Neuron ESB RabbitMQ Transport Properties

Property	Category	Description
Queue Mode	General	Queue Mode can be set to either Default or Lazy. Lazy can be used to write the messages out to disk ASAP to keep memory pressure low, even if Persistence is not enabled. However, if Persistence is enabled, messages will survive a broker restart. Ideally, Persistence and Lazy should be used in conjunction to reduce the chance of message loss and reduce memory consumption.
Quorum Queues	General	If true, Quorum Queues will be used. If this property is changed, it is highly recommended to check that the queues for this topic are empty before applying and saving the solution. Changing and saving this property while Neuron is running requires a restart of the topic’s RabbitMQ Publishing service before connectivity is restored. This can be done through Endpoint Health.
-Quorum Initial Size	General	The number of nodes/replicas that the topic’s queues should be replicated to. There should be at least 3 nodes and the number of nodes should be odd. These nodes should also be registered in the Deployment Group
-Delivery Limit	General	The maximum number of times a message will try to be redelivered before being sent to the dead letter exchange.
Delivery Mode	Publish	Persistent (i.e. Durable) or NonPersistent. Persistence ensures message is written to disk. If using Transactions, Persistence SHOULD be used. The tradeoff between Persistence and Non Persistence is Memory vs CPU and Disk I/O.
Transaction Type	Publish	Controls the level of reliability for messages. Either ‘None’, ‘PublisherConfirms’ or ‘Transactional’ can be selected. ‘PublisherConfirms’ uses an asynchronous Ack/Nack protocol and is essentially a Batch Transaction model while ‘Transactional’ forces a commit/rollback on each message published. Thruput wise, None will provide the greatest thruput, followed by Publish Confirm transactions. Transactional setting will provide the least thruput.
-Batch Size	Publish	Only for use with PublishConfirms type of transactions.

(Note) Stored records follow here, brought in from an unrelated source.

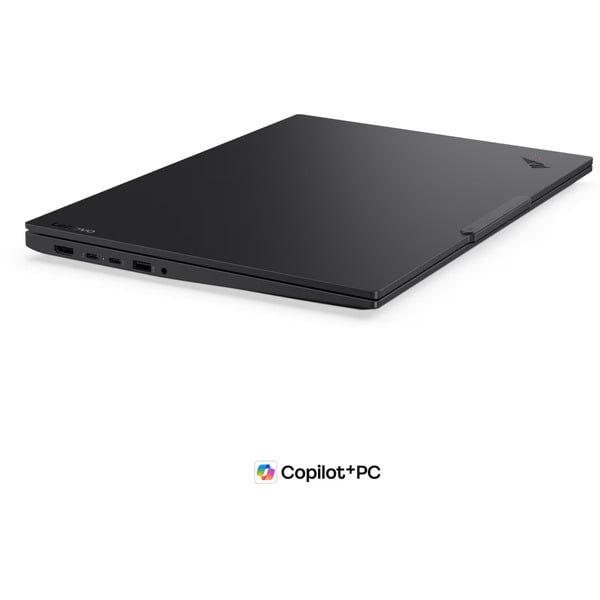 Lenovo ThinkPad E16 G4 (21YC000DGE) - Lenovo - vue 10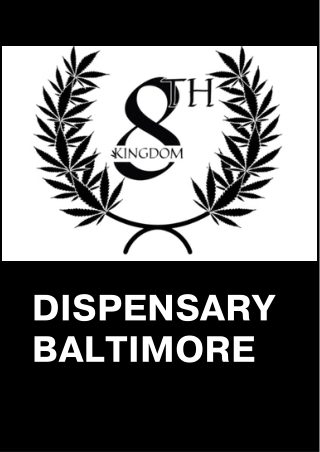 Your Guide to Premium Cannabis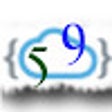 أيقونة البرنامج: TeleCommunion Cloudesktop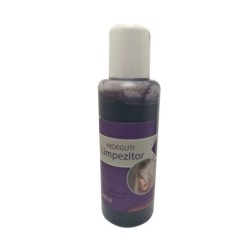 Hideguti - limpezitor cenusiu - 100ml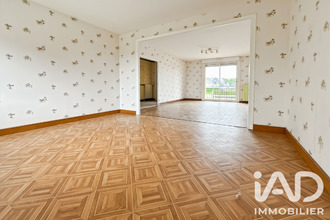  maison moulay 53100
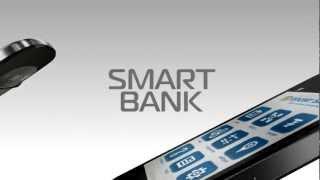 Golomt bank - Smart bank app for iPhone&Blackberry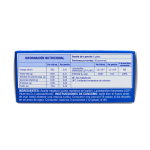 Muno Gotas Probiótico + Vitaminas - Imagen 3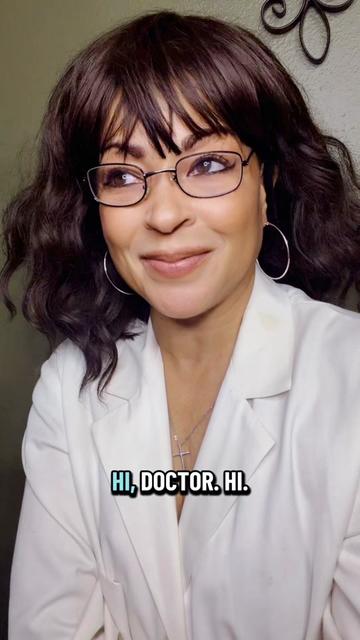 @_funnystuff01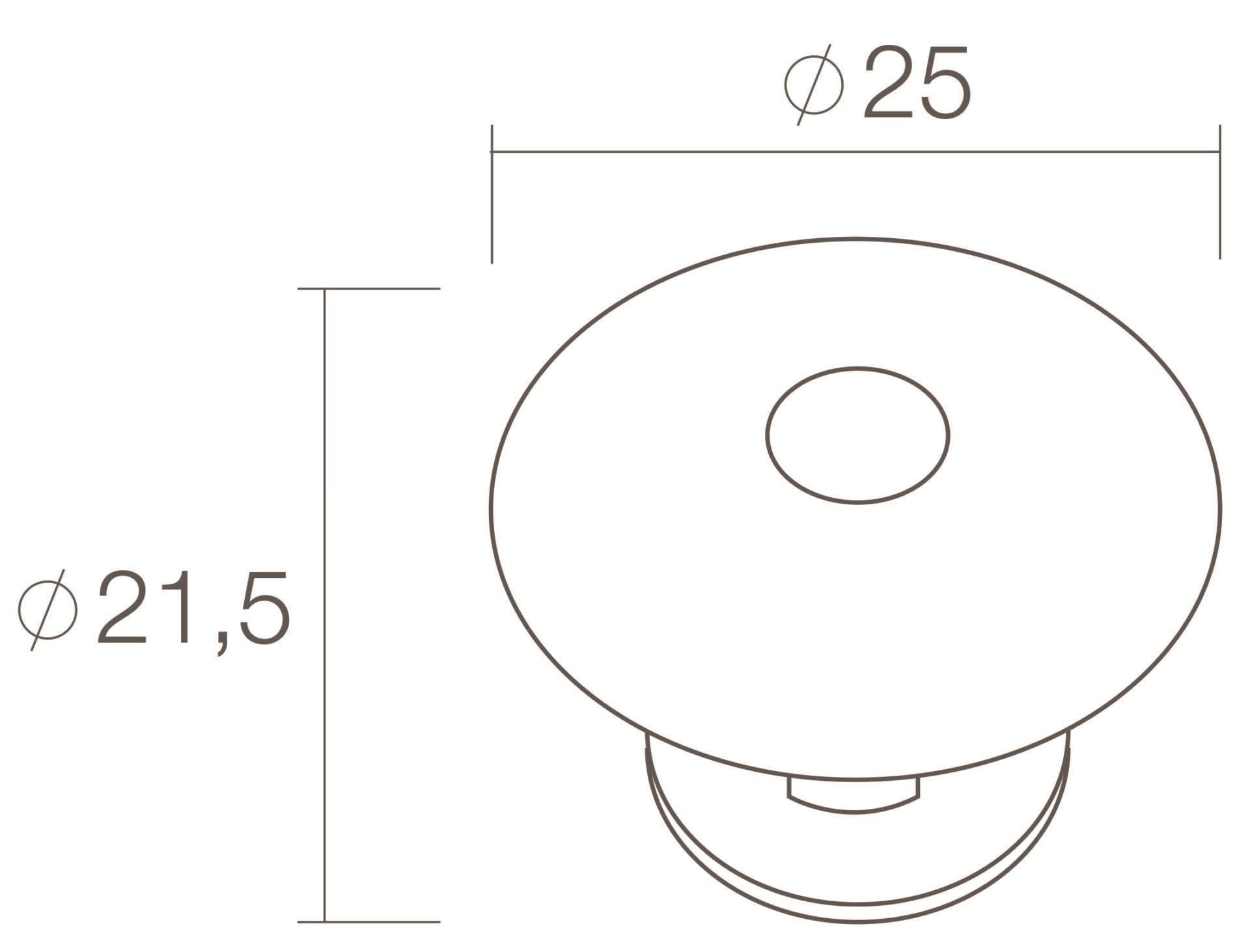 import 1192 0024.847930 2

The number of messages that will be published to RabbitMQ in a Publish Confirm transaction
-Batch Confirm Timeout	Publish	Only for use with PublishConfirms type of transactions. The number of seconds to wait after the Batch of messages have been published to receive all ACKs/NACKs from the RabbitMQ server. Should be a value between 1 and 60.
-Inactivity Timeout	Publish	Only for use with PublishConfirms type of transactions. The number of minutes to wait after the last message sent before checking to determine if all ACKs/NACKs from RabbitMQ have been received. Should be a value between 1 and 5.

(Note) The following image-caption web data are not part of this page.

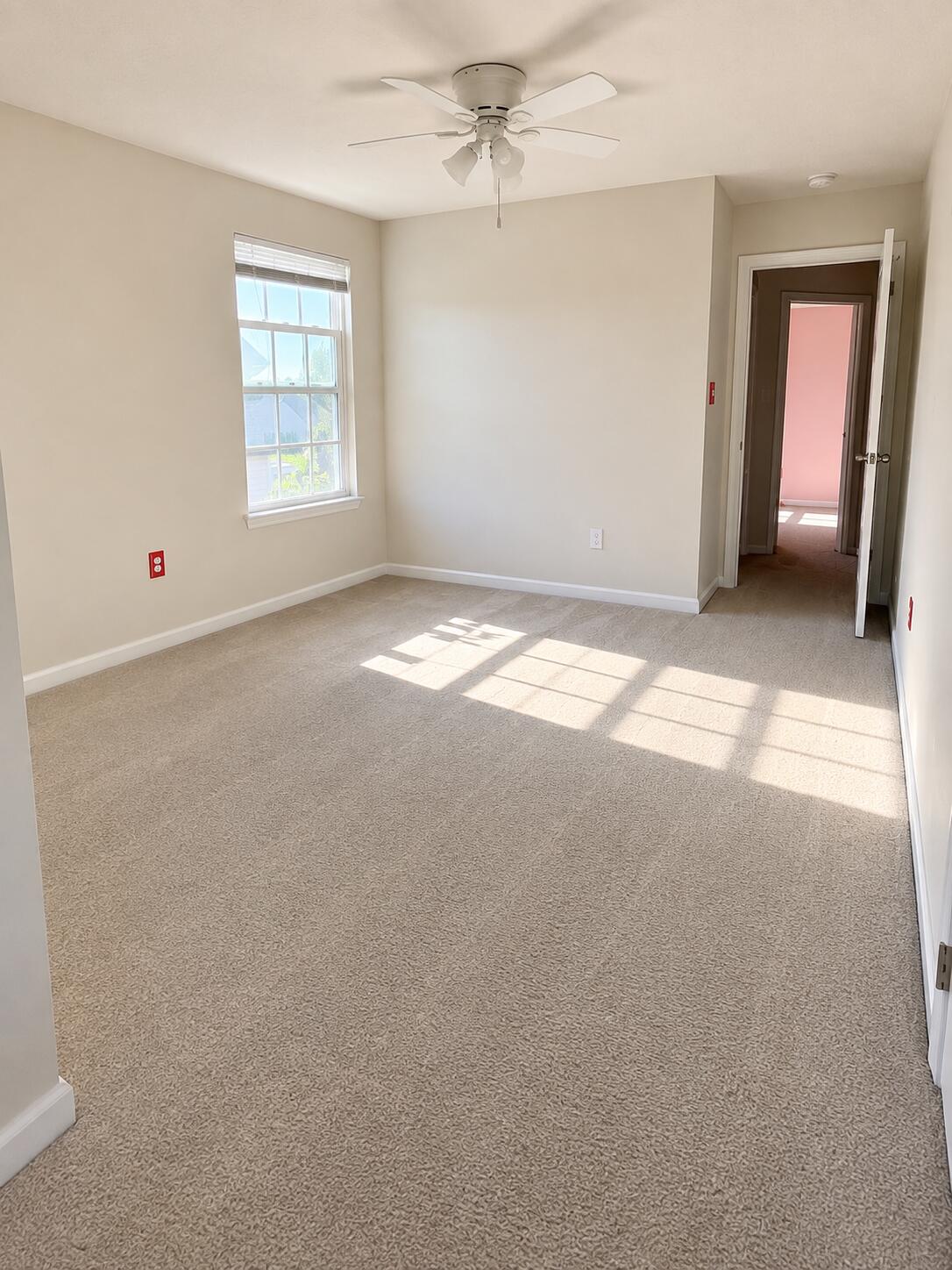 1144 Red Maple Drive Property Photo 47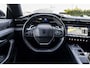 Peugeot 508 1.6 HYbrid 225 Allure | 360° Camera | Matrix LED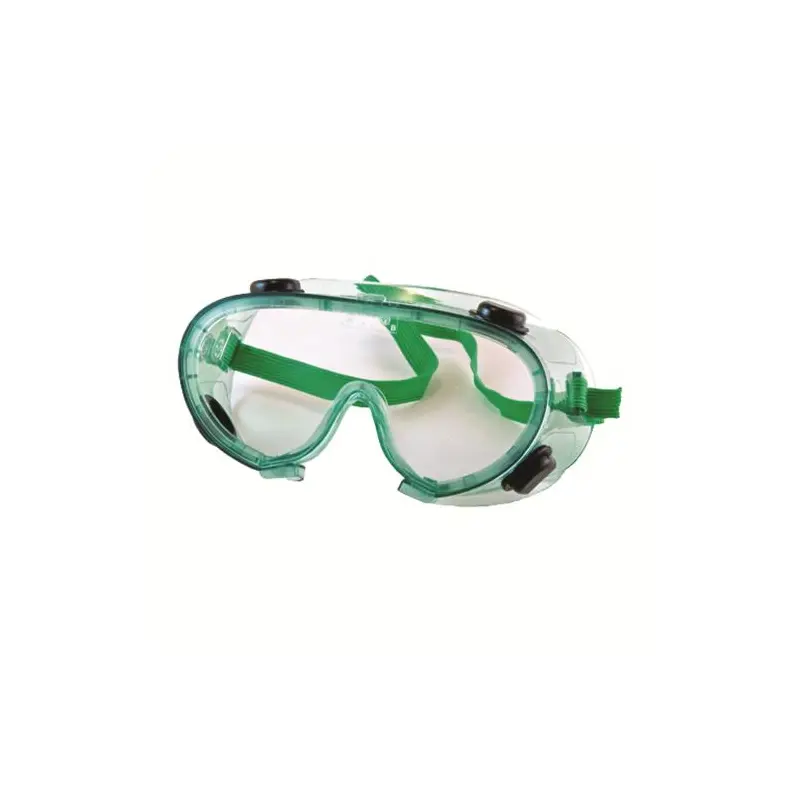 Product Image for Skyddsglasögon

-Resubmit UnAck’d Messages	Publish	Only for use with PublishConfirms type of transactions. If true, messages that were published but were not acknowledged will be republished. This should only occur when dealing with clustered/mirrored RabbitMQ instances. The republish would occur when a connection is reestablished with another server in the cluster. If set to true, Detect Duplicates should also be set to true if once only delivery of a message needs to be enforced
Time to Live	Publish	Default value is 1440. A value in minutes that specifies how long messages are valid for delivery before they are expired (dead letter) and transferred as a failed message into the Neuron Audit database.
Must be Routable	Publish	If set to true, the message must be routable by RabbitMQ. If the message cannot be routed to a destination queue, it will be stored as a failed message into the Neuron ESB database. **This will incur a significant performance penalty. This should NEVER be needed as Neuron ESB will dynamically create any missing queue or exchange on startup.

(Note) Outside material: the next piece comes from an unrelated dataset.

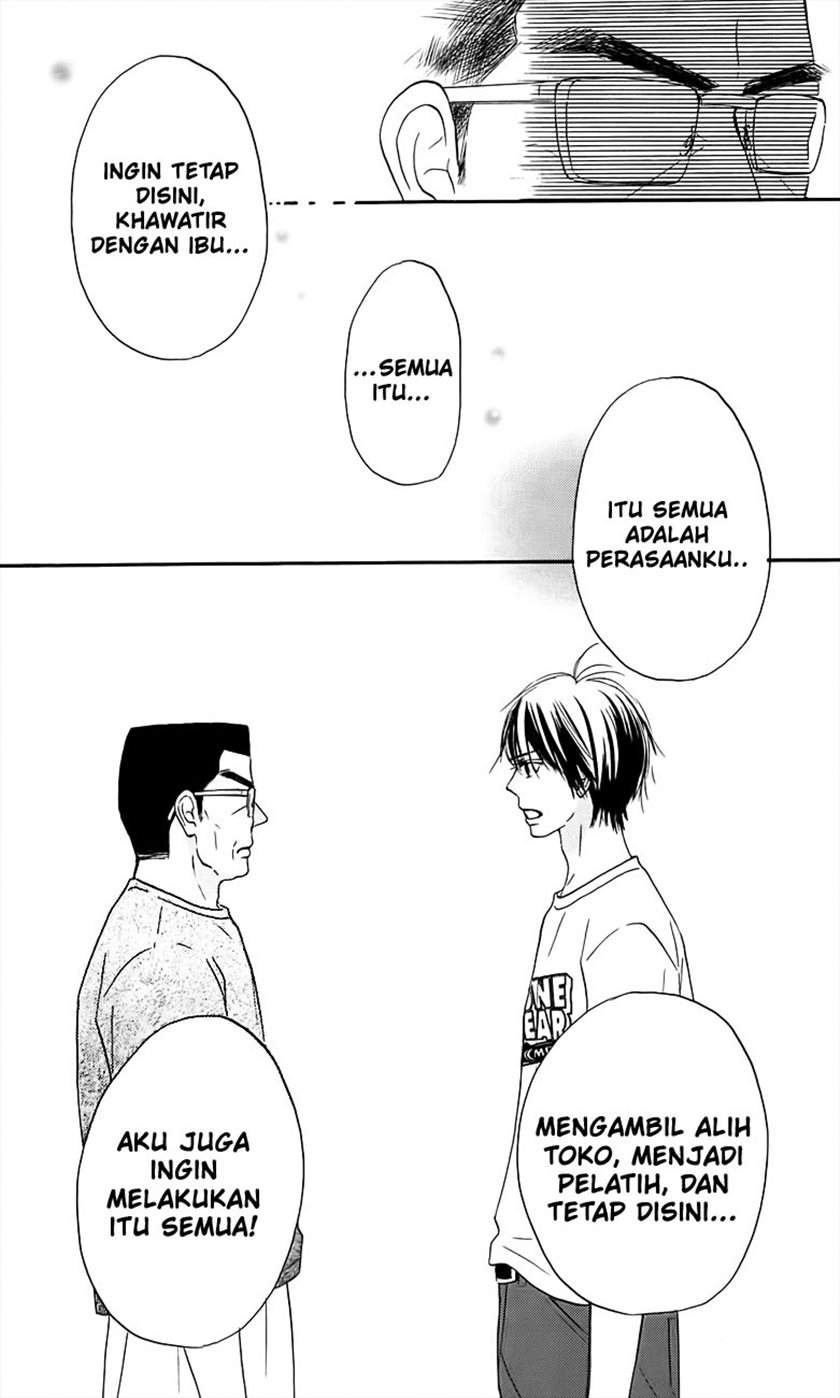 Halaman 40 dari 50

Prefetch Size	Receive	The number of messages that will be prefetched from the queue to transport layer. A value of 0 means unlimited. A value of 1 will enforce ordered delivery to a specific subscriber as long as the Multi-Threaded receive property is set to false.
Multi Threaded	Receive	If False, all subscribers (i.e. Parties) will use the default single threaded consumer. if True, multiple threads will be used for delivery to the subscriber, each thread essentially representing a RabbitMQ consumer.
-Number of Threads	Receive	The number of threads to use to dispatch to the Subscriber. Should not exceed 5. Default is 2.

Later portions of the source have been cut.